*Problem description*:
Print the lines that run from the line with "Potaroma Cat Toys" to the line with "Tissu cotonnade NAOSHIMA", keeping both end lines, exactly as they appear in the entries below, and nothing else.

*Records supplied*:
Content starts
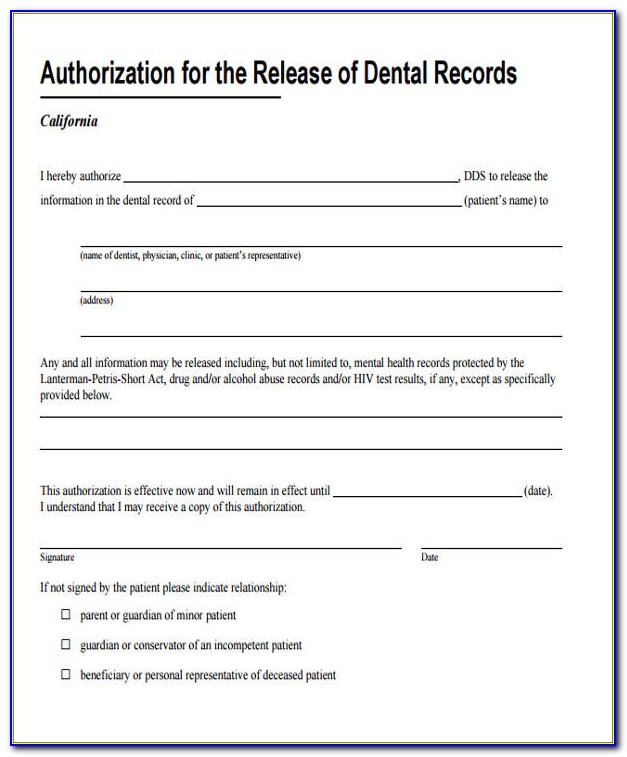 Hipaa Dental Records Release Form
Content ends
Content starts
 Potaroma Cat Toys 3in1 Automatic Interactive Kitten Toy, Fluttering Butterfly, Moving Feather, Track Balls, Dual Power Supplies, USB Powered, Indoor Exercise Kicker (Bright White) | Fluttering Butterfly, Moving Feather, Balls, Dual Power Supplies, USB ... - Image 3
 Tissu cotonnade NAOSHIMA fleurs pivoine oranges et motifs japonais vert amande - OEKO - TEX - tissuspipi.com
Content ends
*Result*:
 Potaroma Cat Toys 3in1 Automatic Interactive Kitten Toy, Fluttering Butterfly, Moving Feather, Track Balls, Dual Power Supplies, USB Powered, Indoor Exercise Kicker (Bright White) | Fluttering Butterfly, Moving Feather, Balls, Dual Power Supplies, USB ... - Image 3
 Tissu cotonnade NAOSHIMA fleurs pivoine oranges et motifs japonais vert amande - OEKO - TEX - tissuspipi.com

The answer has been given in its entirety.